The thickness of the transparent conductive film is not particularly limited, and is selected taking account of the electrical conductivity of the material. For example, when using a glass sheet provided with an FTO film, the thickness of the FTO film is 0.01 to 5 μm, and preferably 0.1 to 1 μm. The electrical conductivity required for the transparent conductive film differs depending on the area of the electrode substrate. The transparent conductive film is required to exhibit reduced resistance as the area of the electrode substrate increases. The electrical conductivity of the transparent conductive film is normally 100 Ω/sq. or less, preferably 10 Ω/sq. or less, and more preferably 5 Ω/sq. or less. If the electrical conductivity of the transparent conductive film exceeds 100 Ω/sq., the internal resistance of the solar cell may increase.

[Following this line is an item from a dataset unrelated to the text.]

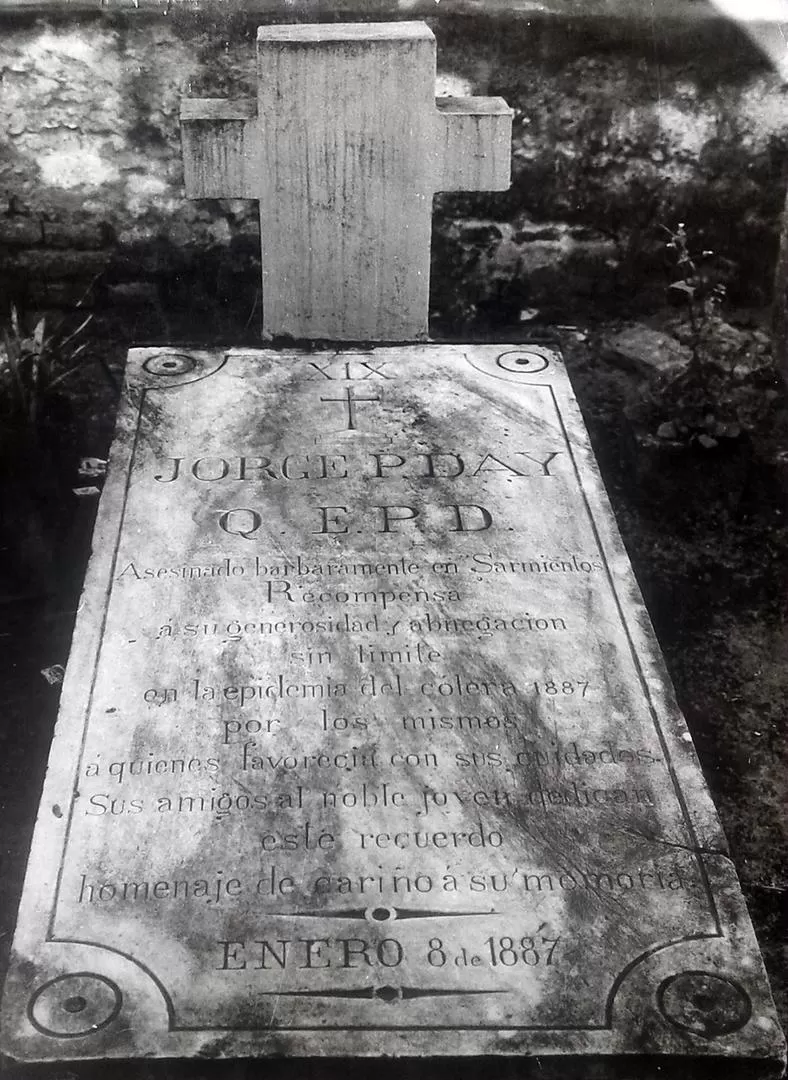 Tumba de Jorge P. Day. En el cementerio de Aguilares, se conservaba (al menos hasta hace unos años) esta lápida con el homenaje a este valiente.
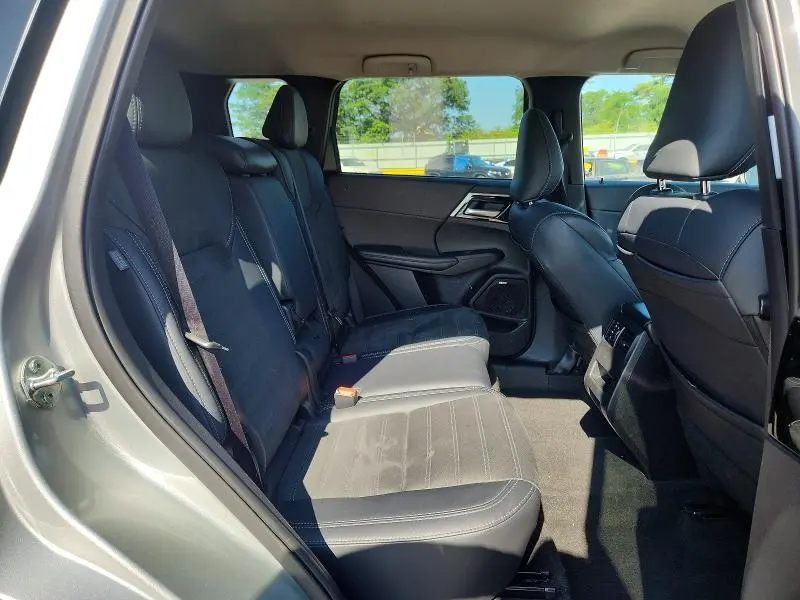 2025 MITSUBISHI OUTLANDER SE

Metal Oxide Semiconductor Porous Film that Supports Dye
A known metal oxide semiconductor may be used as the metal oxide semiconductor that forms the metal oxide semiconductor porous film. Examples of the metal oxide semiconductor include an oxide of a transition metal such as Ti, Nb, Zn, Sn, Zr, Y, La, or Ta; a perovskite-type oxide such as SrTiO3 and CaTiO3; and the like. It is preferable to use titanium oxide, zinc oxide, tin oxide, or the like. Among these, titanium dioxide is more preferable, and anatase-type titanium dioxide is particularly preferable.

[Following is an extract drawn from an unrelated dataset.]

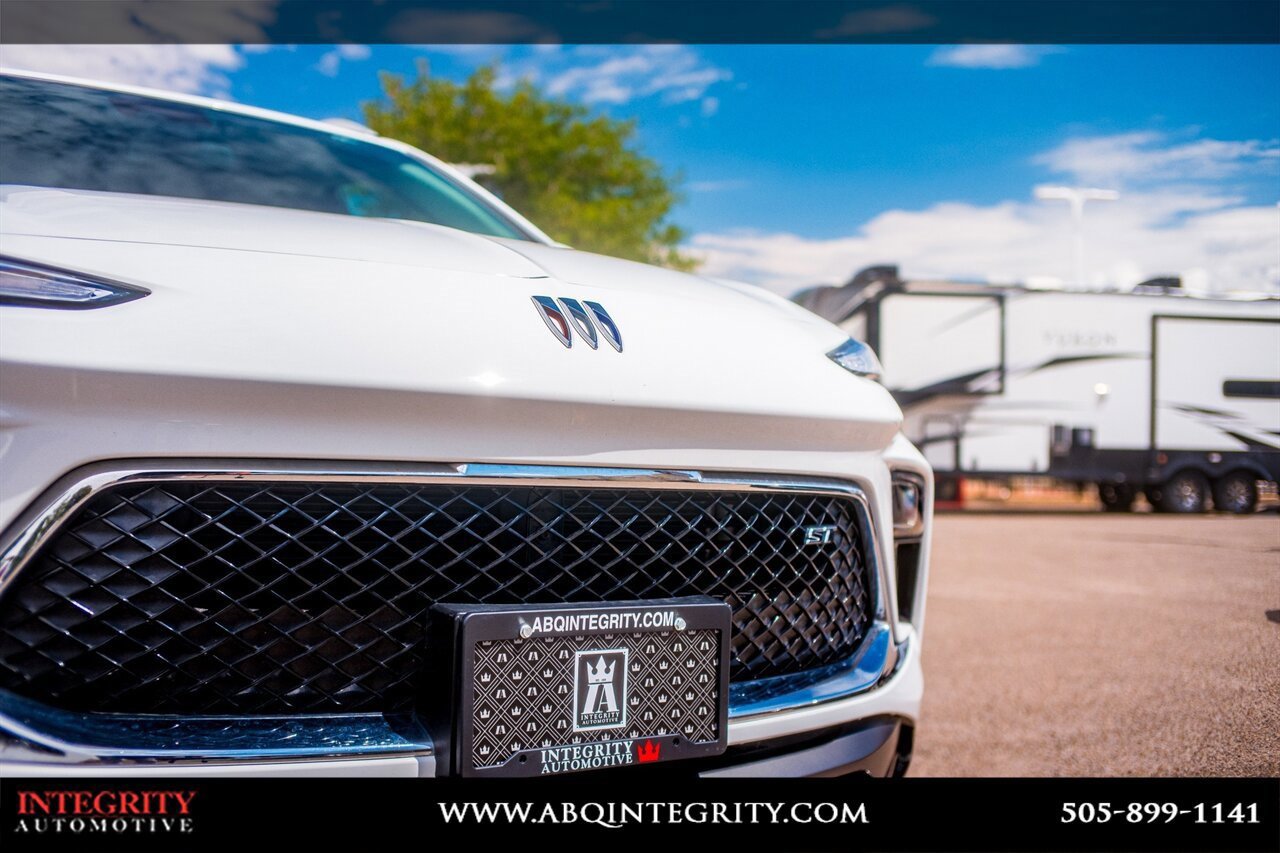 Used 2024 Buick Encore GX Sport Touring image 9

The metal oxide semiconductor porous film may be formed on the transparent conductive film of the electrode substrate using a known method. The metal oxide semiconductor porous film may be formed using a sol-gel method, a method that applies a paste (dispersion) of metal oxide semiconductor particles, an electrodeposition method, or the like.
It is preferable that the metal oxide semiconductor porous film have a small number of metal oxide grain boundaries in order to lower the electrical resistivity. It is desirable to form the metal oxide semiconductor porous film by applying and sintering metal oxide semiconductor particles. The sintering conditions may be appropriately selected taking account of the type of the metal oxide semiconductor, the formation method, and the heat-resistant temperature of the electrode substrate.
When using metal oxide semiconductor particles, it is desirable to use metal oxide semiconductor particles that have a particle size over a wide range and easily scatter light in order to increase the amount of light absorbed by the dye.
It is preferable that the metal oxide semiconductor porous film have a specific surface area of 10 to 200 m2/g so that the metal oxide semiconductor porous film can support a large amount of the dye.
An optimum thickness of the metal oxide semiconductor porous film differs depending on the type and the properties of the metal oxide semiconductor. The thickness of the metal oxide semiconductor porous film is preferably 0.1 to 50 μm, and more preferably 5 to 30 μm.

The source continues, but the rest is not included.